It is easy for us to say drug addicts “brought it upon themselves”, or that they do not have any willpower to beat their addictions. Should addiction be seen as a “disease”?
That is what psychiatrists believe. In Singapore, drug addicts who want to go for detoxification will have to enter into Institute of Mental Health’s National Addictions Management Service. For me, I see it as a bondage. My friend shared with me that while on a mission trip, he learnt that a drug lord and his captain would chant and pray over the opium and heroin that they trafficked. I believe that there is a hex cast upon the drugs, and as such there is a bondage. A bondage that only God can set free. It was only after I found religion that I had the strength to quit drugs.
You had been in and out of rehabilitation a few times. What was so different this time that you managed to quit drugs?
I came from a Christian family, so I was always a believer of God. When I was young, I didn’t want to go to Sunday service as that was the time when the best cartoons would be on TV. The first few times I was in living in different halfway houses, I felt His presence, and I saw many miracles in my friends who were like me but had managed to transform their lives. However, I was not willing to come before Him in total surrender. I held on to my sinful desires and deeper issues such as anger and selfishness. Because of their pride, gang members tend to be very short-tempered, getting riled up by the littlest of things, and I was like that as well. It was only when I surrendered completely to God that I managed to quit drugs.
What have drugs wrested from you?
My youth. I missed my learning years, and even though I wish to go back and study right now, it’s very tough.
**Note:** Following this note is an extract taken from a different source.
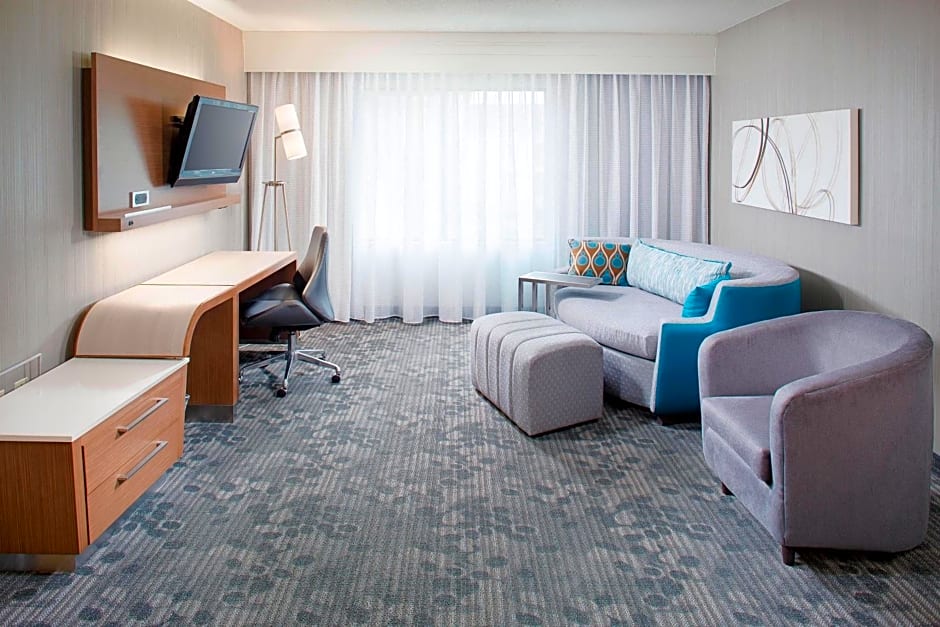 Courtyard by Marriott Richmond Airport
Though if not for your life journey, you wouldn’t have found your current calling, which is very meaningful work. Could you describe the work you do at TNCM?
Here at TNCM, we don’t just teach the residents; we model and set examples, and we journey together with them. The residents will go through a one-year programme that involves counselling, family reconciliation, and more; we also help them to reintegrate into society. After a year, they will get to work at our social enterprise, which provides moving, maintenance, painting and delivery services to companies and churches. They will receive a salary of up to fifty dollars a day, and their meals and transportation are provided by us.
Since 2016, TNCM has been organising the Unlabelled Run, which advocates removing the labels we place on not just drug addicts and at-risk youths but everyone in general. Tell us about the impact of labels.
I was a drug addict for twenty years. My teachers used to place me in the ‘cannot-study’ box and didn’t bother about me — this was back in the eighties so society wasn’t as progressive then. Because of my drug use, my self-esteem dropped, I couldn’t hold a proper job, and I didn’t dare to look someone in the eye and hold a conversation.
People label drug addicts as hopeless, good-for-nothing… I think this is not true. For those of us who have transformed our lives, we don’t just live drug-free lives; we contribute to society by helping at-risk youths and inmates. For us at TNCM, we have noticed that many youths are labelled because of their single-parent family backgrounds, appearances, behaviours, addictions and more. Because of constant mocking, they slip into depression, and some don’t even dare to return to their schools. We want to advocate for all of these stigmas to be removed. When we label someone, we bury his or her potential. Yes, drug addicts have a chequered past, but they need someone to give them that opportunity to change.